If this is the case, Jackson uses flight to cope, and seeks his grandmother for protection and comfort. On October 13, 2012, observation #3 was conducted at the grocery store and at a fast food restaurant between the hours of 3:00pm and 4:30pm. It was an over cast day, and present at the store and restaurant were 6 of the grandmother’s children (between the ages of 7-21), and Jackson’s mother. I concentrated on Jackson’s social, emotional, and physical development with the use of Attachment theory. Jackson’s mother arrived at the store, and met us inside.
I was surprised to see Jackson’s mother, and so was Jackson. The mother and Jackson did not communicate with each other. The mother got upset at the store with the grandmother, and stated she was going to leave, and take Jackson with her. The grandmother said “No. ” Jackson became very upset, and yelled, “No! ”……“I hate you! ” Jackson was able to calm down when the mother left the scene. This occurred in the parking lot at the store. At the restaurant, Jackson started bulling the smaller cousins. The grandmother did not correct the behavior.

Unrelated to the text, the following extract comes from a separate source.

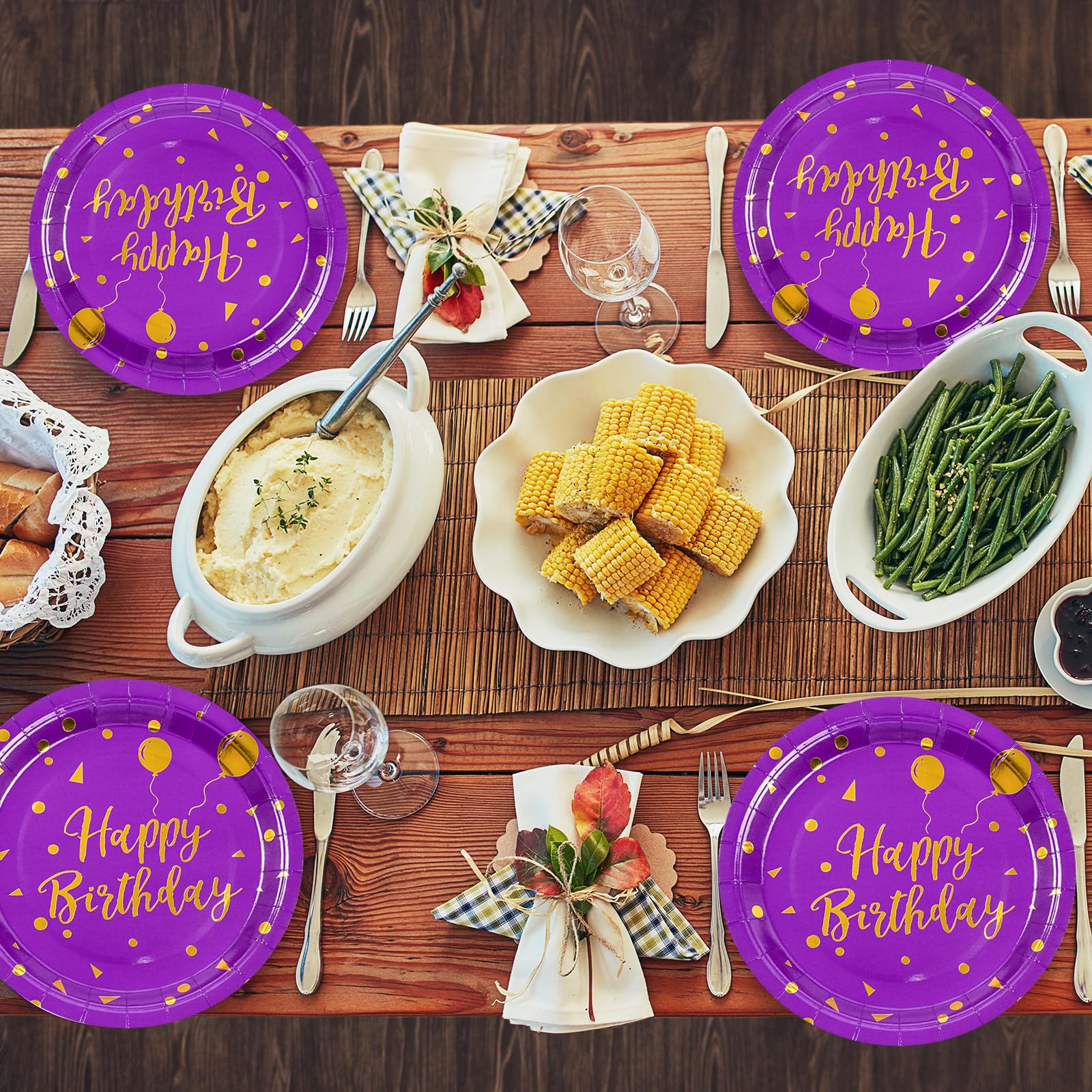 50 Pcs Purple and Gold Paper Plates,7 inch Halloween Paper Plates Disposable Happy Birthday Dessert Cake Plate Party Supplies for Halloween Fall Thanksgiving Birthday Wedding Party Decorations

The grandmother stated that Jackson was only playing. This lack of correction reassures Jackson that this behavior is appropriate; solving problems with his fists, and when upset or threatened, to fight his own battles. This is another example of disorganized attachment. Although Jackson is being cared for by his grandmother, in a loving home, due to the disorganized attachment he has with his mother, the maternal deprivation from birth to age 2 or 3, the abuse, trauma, and lack of stability throughout his young life, Jackson has to initially protect himself by demonstrating physical behavior.
Jackson uses physical aggression as a coping skill in certain situations. Jackson has been harmed by the abusive non- relationship with his mother, which may have internalized a negative self-image and negative expectations into his relationships with his grandmother and others. The grandmother’s avoidant style in the relationship has continued the mental abuse of Jackson. There is a lack of an intimate, enjoyable relationship between Jackson and his grandmother, which will continue to have a negative impact on the mental and social development of Jackson.
Jackson is seeking stability and appropriate responses to the experiences he encounters daily. Jackson and his family are good candidates for therapy; individual for Jackson, and family therapy for the rest of the family. Jackson’s mother needs drug treatment and counseling, in order to possibly repair the damaged non-relationship she has with Jackson, and with her own mother. According to Ainsworth, the early intervention for disorganized attachment, or other problematic styles, is directed toward changing the trajectory of development to provide a better outcome later in the person’s life.
Jackson is in great need of intervention. Without intervention, it appears that Jackson will continue his development into an angrier, emotionally unbalanced, young man. References Ainsworth, MD (1967). Infancy in Uganda. Baltimore: John Hopkins Press. Bowlby, J. (1969). Attachment. Attachment and Loss. Vol. I. London: Hogarth. Bowlby, J. , Ainsworth, M. D. , ; Fry, M. (1965). Child care and the growth of love (2d Ed. ). Baltimore: Penguin Books.